A quick look might suggest that we bypassed set()'s exclusion of mutables here. But don't be fooled. While we have the appearance of having a set object contained within another set object, what we actually have is a set that contains a hash to an instance of Advisor() that has a set as an attribute.

In [8]:
print(type(noHarmDone))  # Notice that set()'s lack of indexing
print(type(list(noHarmDone)[0]))  # methods can be a bit 
print(type(list(noHarmDone)[0].val))  # of a pain..!
<class 'set'>
<class '__main__.Advisor'>
<class 'set'>

Why define a new class?

The skeptical Python programmer at this stage is likely asking her/his/them-self: "why don't you just use a list object rather than defining a whole 'nother class for cryin' out loud!?!" Number 1, lists are not hashable; for our power set generation routines to come, we require a container that is. Number 2, lists permit duplicate entries; enforcing member uniqueness would require more coding. Finally, number 3, lists preserve element ordering; while not a deal-breaker for our purposes, lists do not mathematically qualify as sets for this reason and others.

Plan for part two

In part two, we'll define a new class, ModSet(), that will behave much like Python's set() class, but with an added set-valued attribute.

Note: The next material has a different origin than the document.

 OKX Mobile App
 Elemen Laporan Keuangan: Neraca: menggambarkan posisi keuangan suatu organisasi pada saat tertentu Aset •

Our ModSet() class will employ the same approach just demonstrated above: use of a hashable class instance to contain unhashable set objects. With these container instances themselves eligible for membership in a super-set() object. Use of ModSet objects will allow us to form an all-encompassing power set that--indirectly--has sub-set() instances as members. More than a cosmetic device, defining a set container class in this way will allow the power set of a given set object to be generated using Binary Mask and Recursion-based algorithms later on in part three.

Sources (part 1)

1. Bernstein, M., Recursive Python Objects, https://bernsteinbear.com/blog. 2019.

1While the writing this series, we learned of other recursive algorithms for generating the power set. In a future post, we will investigate and implement one of these, that, unlike above, does not produce subset duplicates in the process.